Please repeat the entries below exactly as written, leaving out any images.

** Opening Dataset records block **

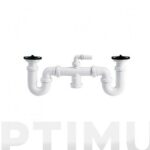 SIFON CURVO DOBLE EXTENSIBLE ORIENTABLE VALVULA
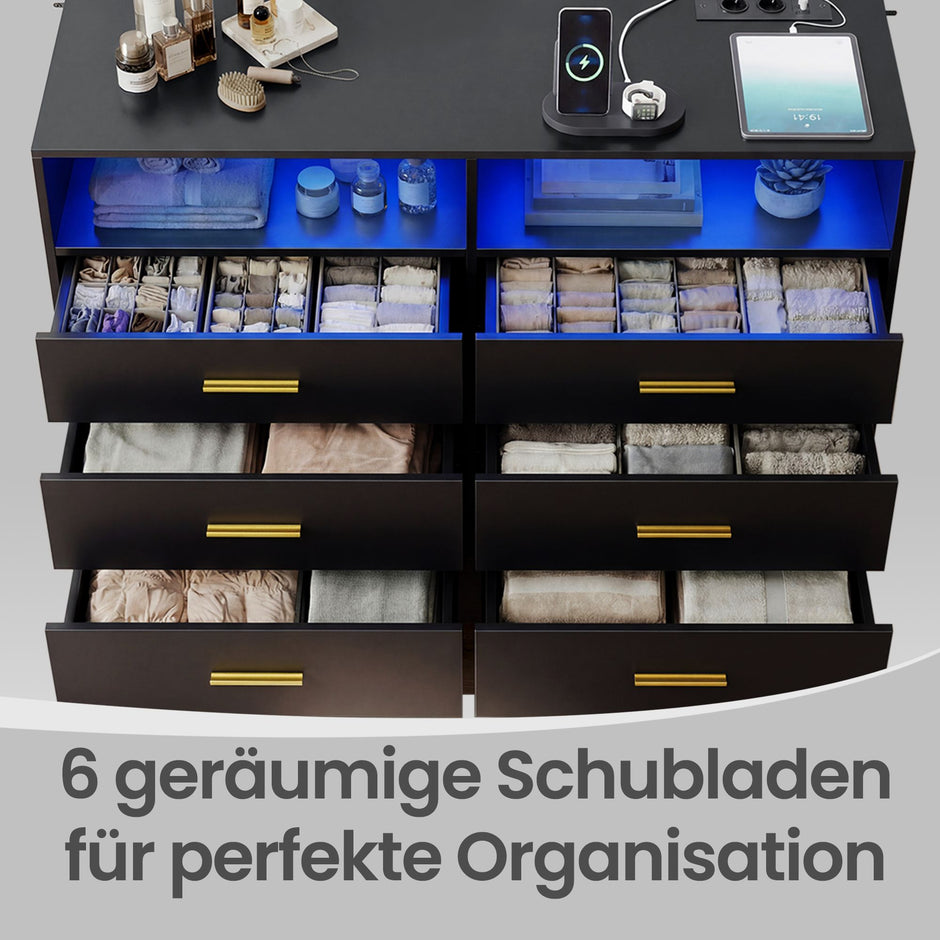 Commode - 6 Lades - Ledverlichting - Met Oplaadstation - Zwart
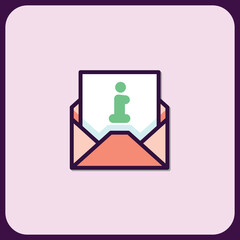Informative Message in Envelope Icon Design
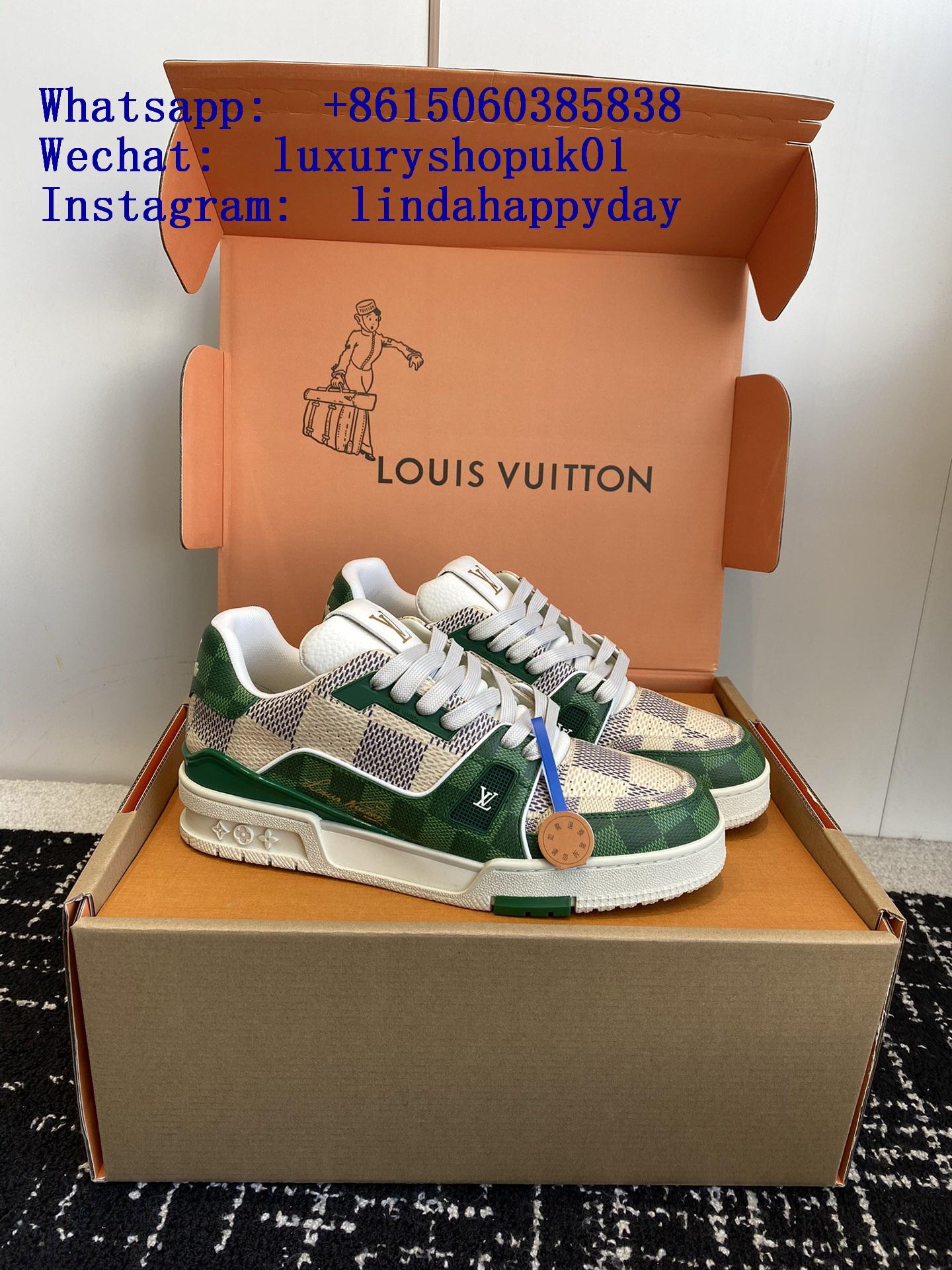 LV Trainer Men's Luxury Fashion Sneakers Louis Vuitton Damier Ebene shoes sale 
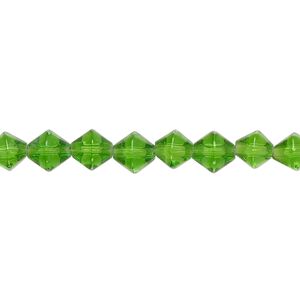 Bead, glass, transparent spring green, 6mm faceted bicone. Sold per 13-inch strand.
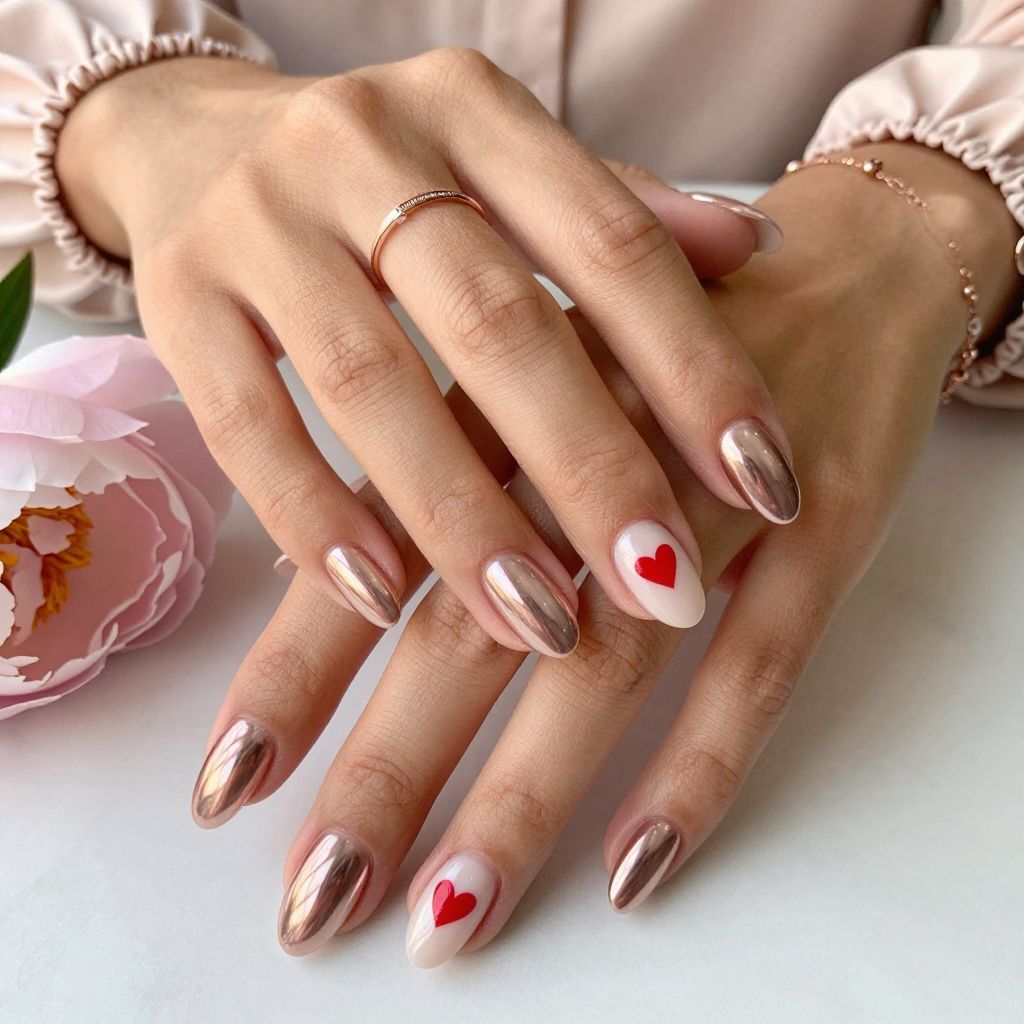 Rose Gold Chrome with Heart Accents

** Closing Dataset records block **

* **Response for this exercise**:
 SIFON CURVO DOBLE EXTENSIBLE ORIENTABLE VALVULA
 Commode - 6 Lades - Ledverlichting - Met Oplaadstation - Zwart
Informative Message in Envelope Icon Design
 LV Trainer Men's Luxury Fashion Sneakers Louis Vuitton Damier Ebene shoes sale 
 Bead, glass, transparent spring green, 6mm faceted bicone. Sold per 13-inch strand.
 Rose Gold Chrome with Heart Accents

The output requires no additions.